Segment Start: Provided material

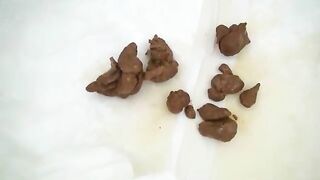 Girl plays with shit in the toilet and then eats it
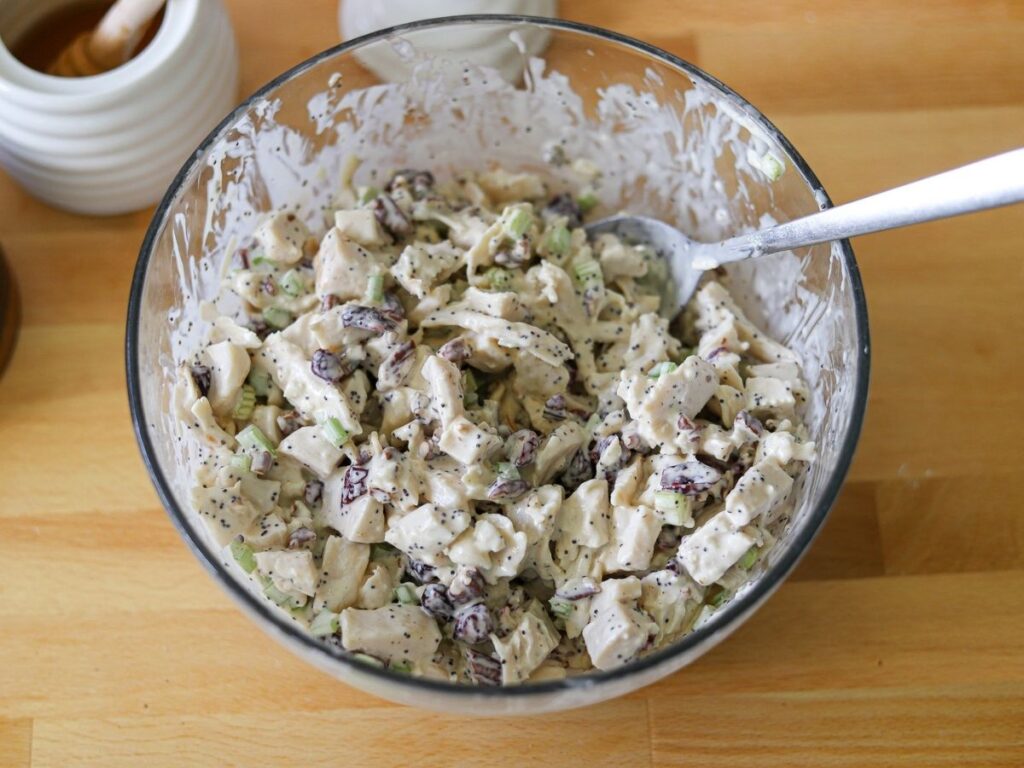 cranberry pecan chicken salad in a bowl after being mixed up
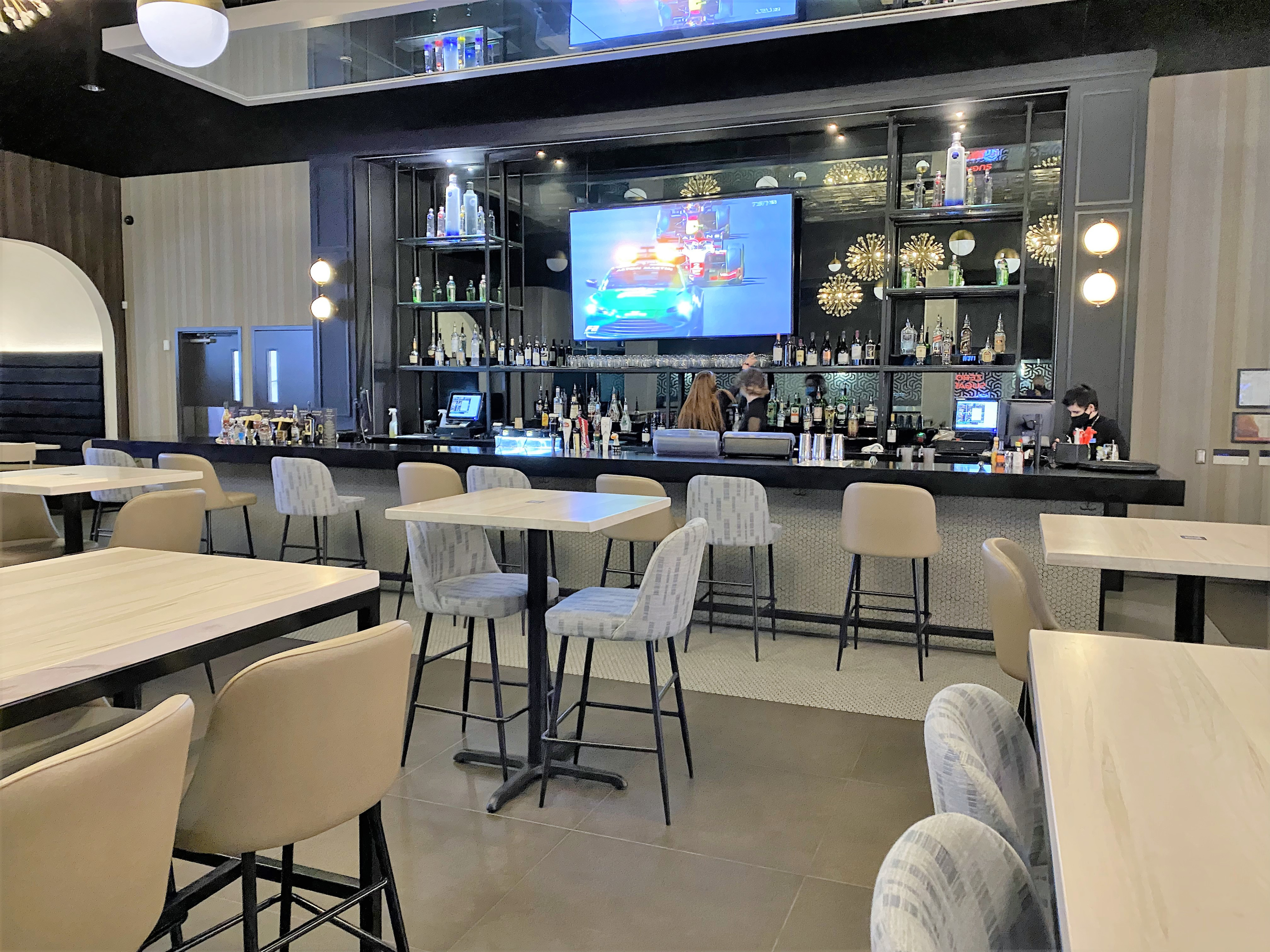A Cineplex VIP lounge bar with high‑top tables and upholstered stools arranged around a long bar counter. Shelving with bottles, decorative lighting, and a wall‑mounted screen create an upscale cinema dining atmosphere.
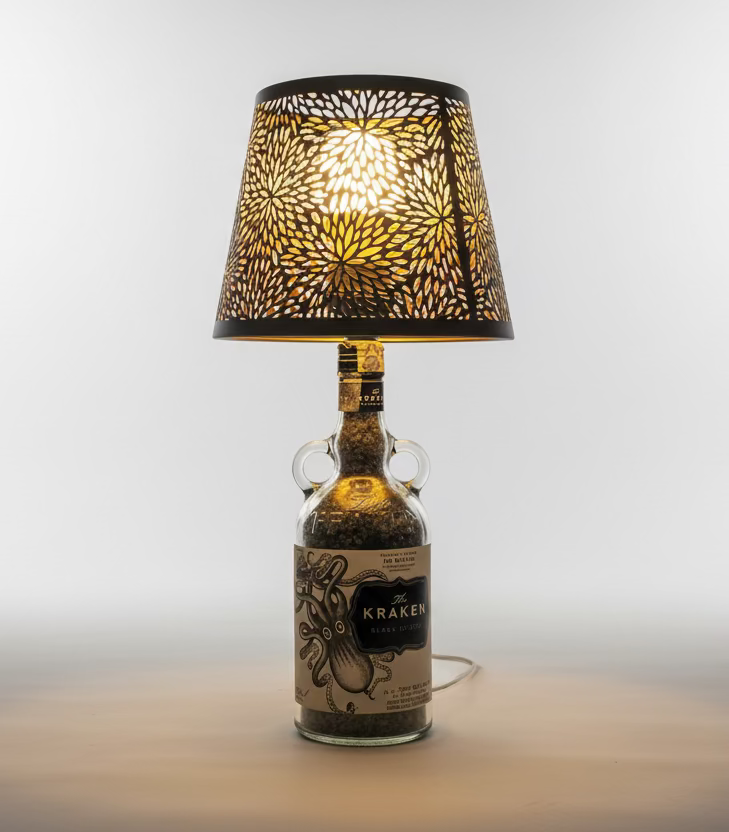 Lampada di design realizzata con bottiglia Kraken rum, paralume decorativo e luce calda, ideale per arredare salotti moderni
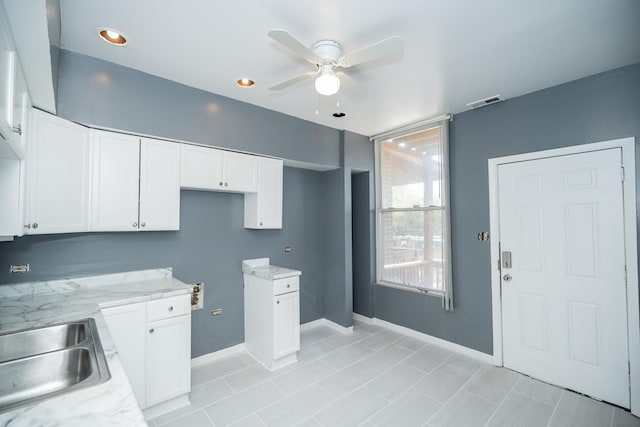 3929 W Arthington St, Chicago, IL 60624 - kitchen with ceiling fan, white cabinetry, light stone counters, and recessed lighting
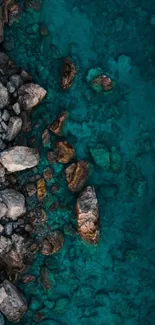 Aerial view of rocky shoreline with turquoise water.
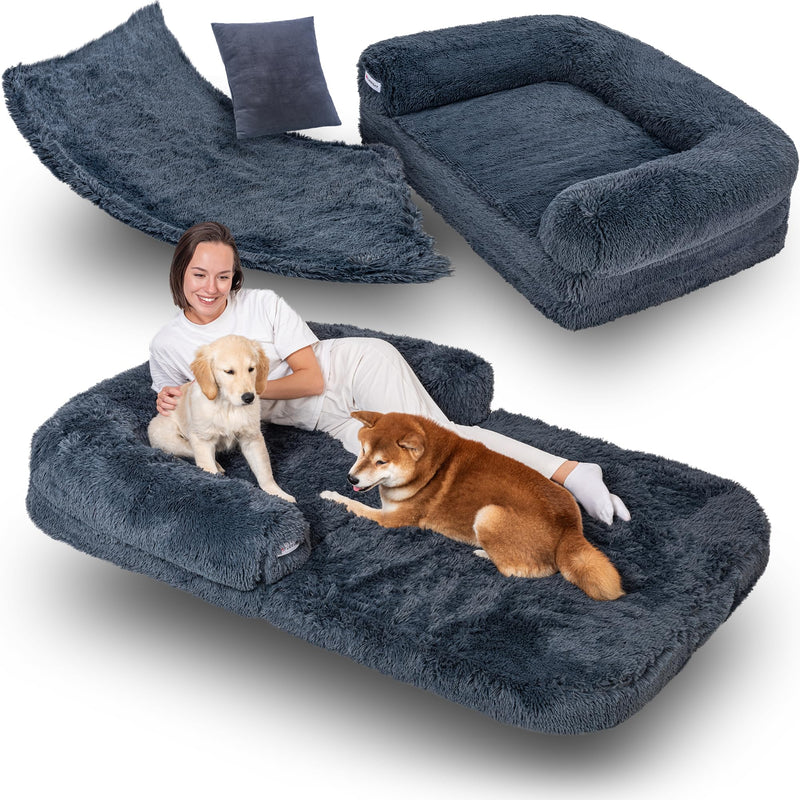 Gray foldable dog bed shown in multiple configurations with woman and two dogs lounging together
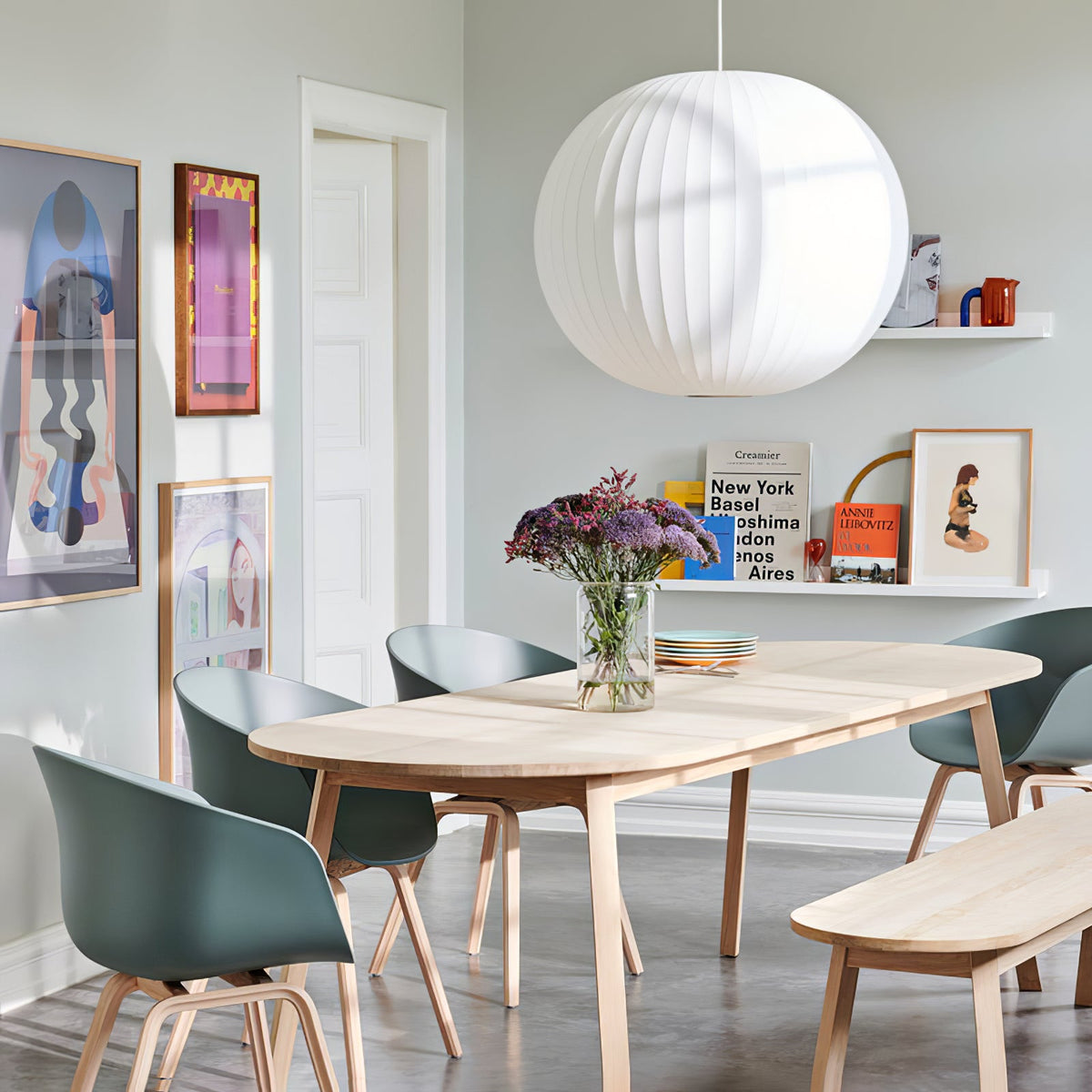 A large round white Clérachic pendant hangs over a long pale wooden table with green-grey chairs, in a room hung with colourful prints.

Segment End: Provided material

Exercise directions: Only an exact copy of the lines from the one with "Gray foldable dog" through the last line of the data above is wanted, and no pictures.

Result of the exercise:
 Gray foldable dog bed shown in multiple configurations with woman and two dogs lounging together
 A large round white Clérachic pendant hangs over a long pale wooden table with green-grey chairs, in a room hung with colourful prints.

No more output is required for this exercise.